多良間村スツウプナカ 受け継がれた伝統守る

【多良間】多良間村の伝統祭祀(さいし)「スツウプナカ」が8日、島内4つの祭場で行われ、新型コロナ感染対策のため本来3日間の予定を規模縮小し初日の「暁の願い」のみ行われた。

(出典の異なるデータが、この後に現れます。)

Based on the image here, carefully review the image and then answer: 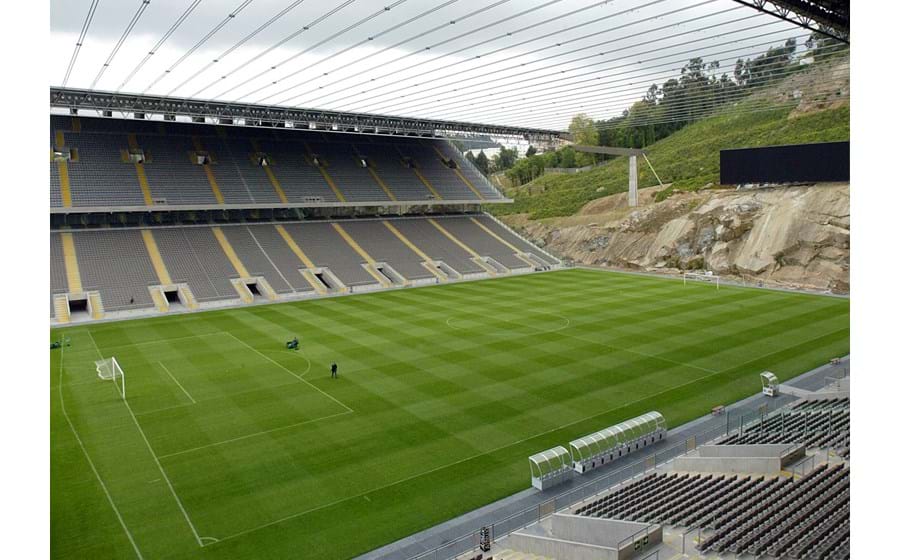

村民らは古くから受け継がれた伝統を守り、各座で準備された神酒や刺し身を祭場に供え、豊年への感謝と祈念を捧げた。
 このうち字塩川のパイドゥニの祭場では供物の魚を用意し北組と南組に分かれる「海人座」、神酒を作り行事の中心となる「ブシャ座」、祭場の設営などを行う「中老座」、調理を行う「クバン座」などに分担し祭りを進行した。
 この日午後10時半ごろに中老座拠点の大木公民館に供物が届けられた。集まった祭りの中心である長老らに見守られるなか、伝統にそって神酒や泡盛、料理が盆に並べられた。
「暁の願い」は深夜12時ごろからパイジュニの祭場で行われ、悪天候のなか長老らは神酒や料理などを供え手を合わせた後、全員でニイリを歌った。
 パイジュニのブシャ座をつとめる比嘉清作さんは「3年連続の縮小となり残念だが、無事に祭りを終えることができて良かった。来年こそ普段通りに祭りを行いたい」と笑顔を見せた。
 祭りがいつの時代に始められたかは定かでないが、島の指導者だったウイグスクカンドゥヌが畑を荒らす動物を追い払ったところ「我々は竜宮神の使い。お前たちは作物を作るのは上手だが神々への感謝を知らない。毎年収穫後初のものを供え感謝しなさい」と言われ、祭りが行われるようになったとの伝承がある。